Certainly, there is no society without fixed forms, and there is no individual outside society.  By means of education, society prepares the child to maintain or even perpetuate forms.  Becoming an adult and a man of his time, he fulfills himself in forms defined by the spirit of the era.  As he lives not in the immense time of Nature, but in the shrunken time, where ephemeral realities establish themselves like beings, he believes himself to be real, forgets the disappearance of things and nothingness.

The Tao Te Ching allows us, thanks to the power of thought, to establish a state of organisation of our being in its relations with itself and the world, similar to that which Nature herself produces spontaneously in the case of certain privileged individuals.  These privileged natures are the artists, while the first are philosophers.

What is at work in the artist is nothing other than Nature herself, indefinitely incomplete, infinite creator, and pushing blindly the future forward.  The man of action is the opposite of the artist, because he wants to know in advance all things concerning his actions, in order to move forward in complete safety.  He wants, as much as possible, to avoid risk, which is precisely what the artist cannot avoid.  To master Nature and the course of things by calculation is the dream of the man of action; nothing pleases him more than the progress of science and technology.  The artist places his confidence in the flow of things, allowing himself to be led by inspiration.

The individual depends through his roles and functions on a society that encloses him in set obligations, which have been defined without him, and also by what is title, dignity, grade, mark of honour etc, all things that hold him captive.  The Cynics had already noted that we clutter our lives with innumerable things that we do not need.  Having pruned what is of no use to happiness is to be like uncut wood, not like wood that has been cut and worked.  This is the origin of Lao Tzu’s advice:  “Return to the state of uncarved wood.” 

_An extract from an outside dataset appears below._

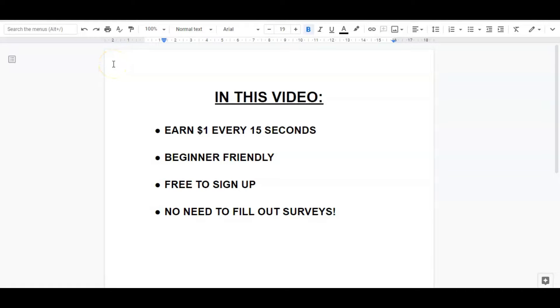Hey guys, it's Julie here, Single Mum Entrepreneur, and in today's video I'm going to be showing you a method that can earn you $1 for every 15 seconds. If you didn't think that was possible, then I'm going to show you a method today that shows you just how you can do that.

The objection could be made that this condition, where man is stripped of all the things that make up the action of life, would leave him in a void and in boredom.  This objection is based on a misunderstanding.  It is true that if the ordinary man finds himself “without passions, without business, without diversion,” he will be bored and in a void.  But we don’t have concern for the ordinary man.  If the Tao Te Ching has some effect on the ordinary man, it is a sign that he was not an ordinary man.

What sort of activity is that of the philosopher who follows the Tao?  We can say it consists of a particular application of the method of “non-action” (wu wei).  This method is universal and makes it possible, in all areas, to be efficient without conflict or violence.  The way the philosopher applies it to the domain of knowledge consists of this:  To be open to realities and to allow them to reveal themselves.  “We will never succeed in having thoughts, they come to us,” said Heidegger.

What is required so that thoughts come to us?  First, the soul must reach “freedom from anxiety” (ataraxia), serenity, a sort of negative happiness that we can call “wisdom” – a wisdom that is not the aim of philosophy, but its condition.  Then and correspondingly, preoccupation with oneself must be absent.  However, we shouldn’t attach so much importance to ourselves that we hate ourselves.  We will avoid the trap of Cogito, which, by enclosing thought in self-reflection, separates it from things, depriving it of all immediate relations.  Above all, it is necessary to empty oneself and put aside all cultural acquisitions – be they beliefs or preconceived ideas – so that there are only things themselves, their elusiveness, their infinity and their immensity under the horizon of eternal Time.

Marcel Conche, Philosophizing ad Infinitum: Infinite Nature, Infinite Philosophy.